A hooded guy asks you to get his gold medallion back that has been in his family for centuries. He tells you who stole it and where that person could be found. Once you find the thief, he tells you that he only stole the medallion so he could sell it and buy bread to eat. From here you can either be Compassionate by giving him some bread, letting him live, but taking the medallion back; or practice Justice and kill him, taking the medallion to its rightful owner. When you return to the hooded guy who gave you the job, you find out the medallion isn't his, but another person's who got robbed by the foodless guy, and now you can either Honor the agreement and leave with your payment, or be Honest and take the medallion to its real owner, killing the person who gave you the job.

==Storyline==
The storyline of the game was intended to begin immediately after the conclusion of Ultima IX. In the story, the Guardian and the Avatar are now one being, with both personalities battling to dominate the other and take control.
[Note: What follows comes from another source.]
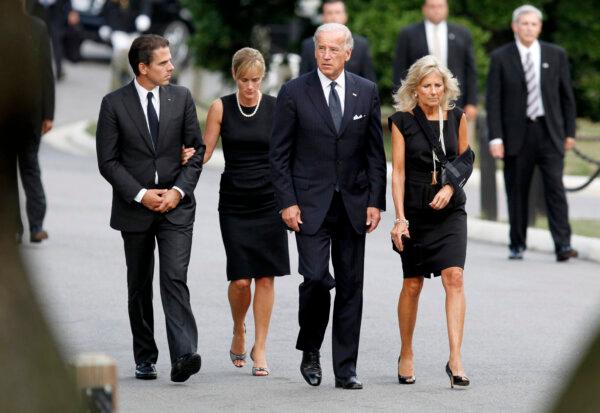 From left to right: Hunter Biden, Kathleen Buhle, Joe Biden, and Jill Biden in Virginia in a file image. (Jim Bourg/Pool/Getty Images)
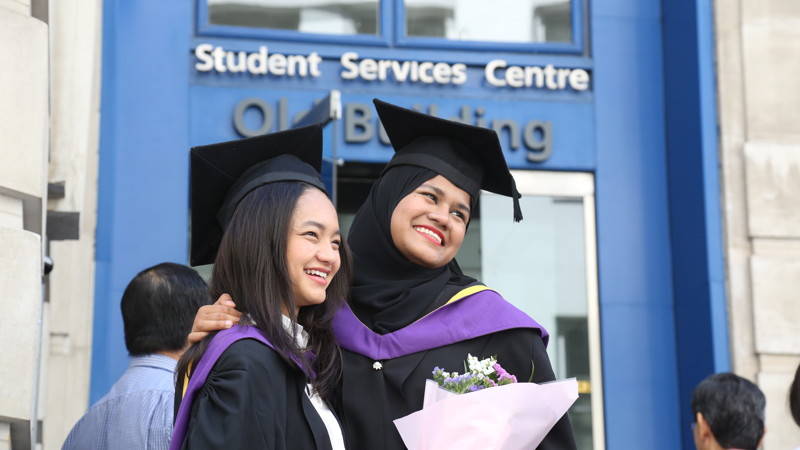 Graduation_July_2014_9187_800x450_16-9_sRGBe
The game itself would have taken place in a world inside the Avatar's mind (the world was called "Alucinor", which roughly translates from Latin "Wandering in the mind"), and the people in the world were tasked to follow the eight virtues in the hopes of aiding the Avatar in gaining the power to completely defeat the Guardian.

==Music==
The orchestral score for the game was composed by Chris Field. Field also produced a soundtrack album, entitled "Ultima X Odyssey: Music by Chris Field", with an eighty-one piece orchestra. The orchestra was recorded in Bastyr Chapel in Seattle, Washington. The album included thirty-three pieces of music. A small portion (roughly six pieces of the original thirty three) of the musical pieces were later released as part of the online game for Lord of Ultima.